Although David Tomlinson was bombarded with social invites, he avoided showbiz circles and revelled in family life at his country cottage in Buckinghamshire.

David Tomlinson with his wife Audrey – Right

The success of Poppins was rewarded with a steady income and parts in two further Disney blockbusters; as villain Peter Thorndyke in The Love Bug and quack magician Emelius Browne in Bedknobs and Broomsticks, a sobering experience. During a tense shoot in California, he failed to hit it off with co-star Angela Lansbury who constantly upstaged him.
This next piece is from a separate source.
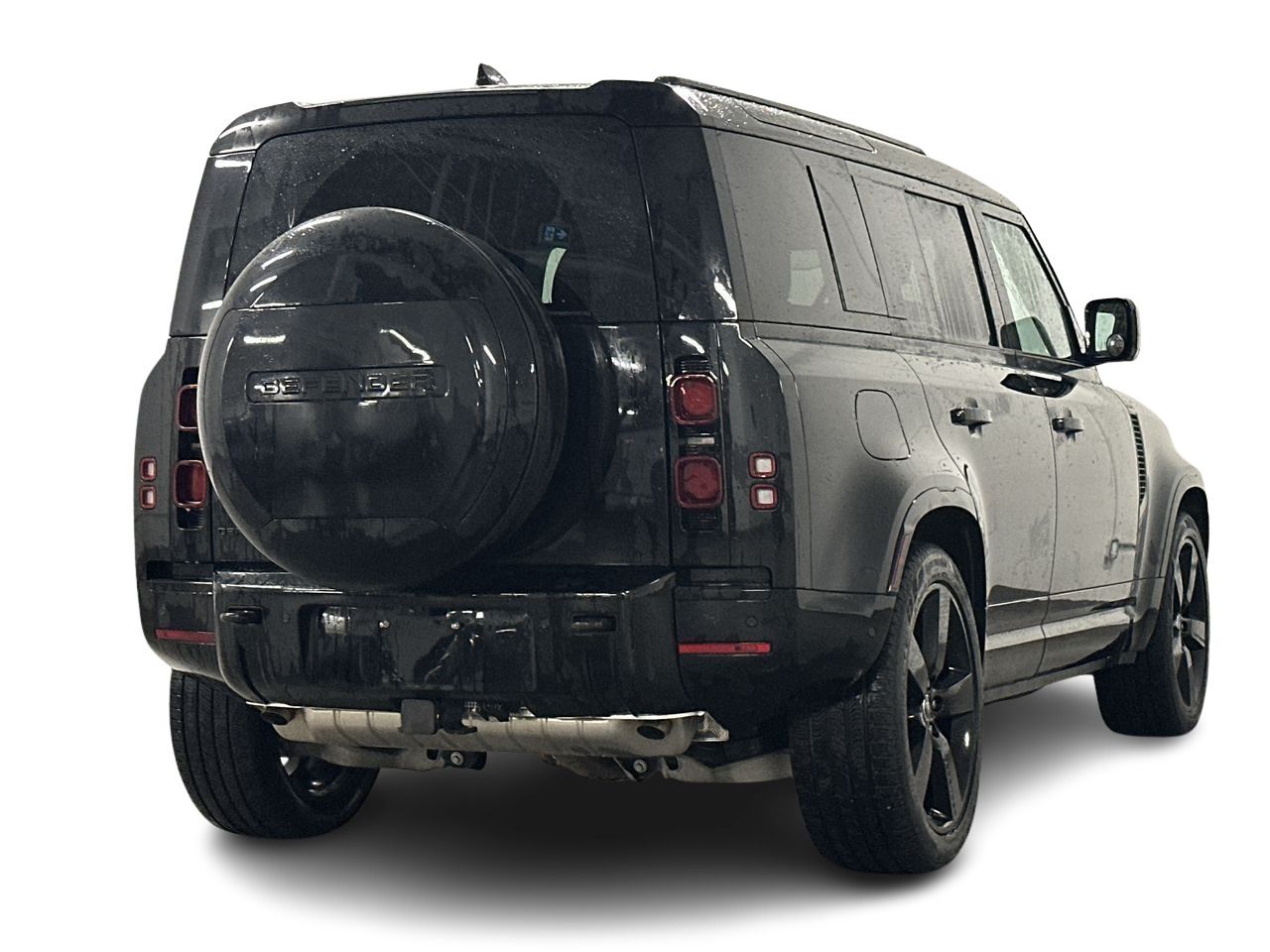 2025 Land Rover Defender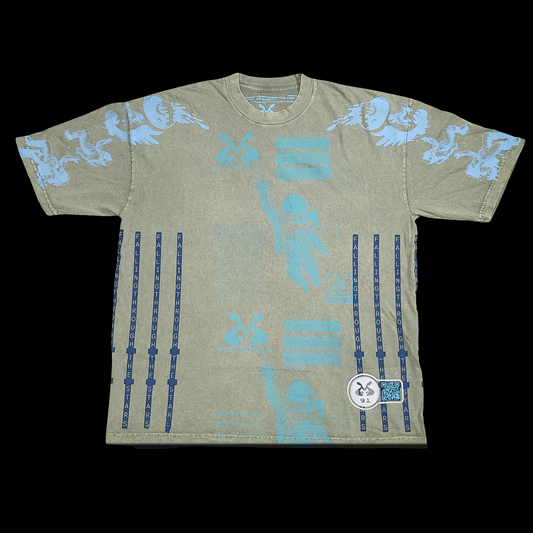#91 Depths Astro (Mineral Wash, XL)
Audrey recalled. “ Angela Lansbury was terrified of him and made it very tough. He found it very awkward.”

Despite being a hit, the experience was sour and DT omitted the movie altogether from his memoirs. While nothing ever replicated the magnitude of Mary Poppins, he worked throughout the 1970s and 80s, appearing on radio, TV and tirelessly promoting autism charities. But his greatest pleasure was motoring around England in his vintage Bentley sniffing out antiques shop bargains.

A keen Collector

“He was an avid collector and that kept him busy,” says Audrey. “He got wonderful things at marvellous prices before those antiques programmes started on TV.”

However, even retirement was tinged with tragedy. In never-before-seen letters, Tomlinson wrote of his devastation at his brother Peter’s suicide in 1997.

The end came on the morning of June 24, 2000, when, aged 83, DT slipped away without any fuss. His final wish – made tongue firmly in cheek – was to have the tribute: “David Tomlinson, an actor of genius, irresistible to women,” on his headstone. “Obviously, our mum had her own thoughts about that and it didn’t quite happen,” says his son Henry.

Despite a life of ups and downs, David Tomlinson always maintained he was luckier than most. I think he probably was.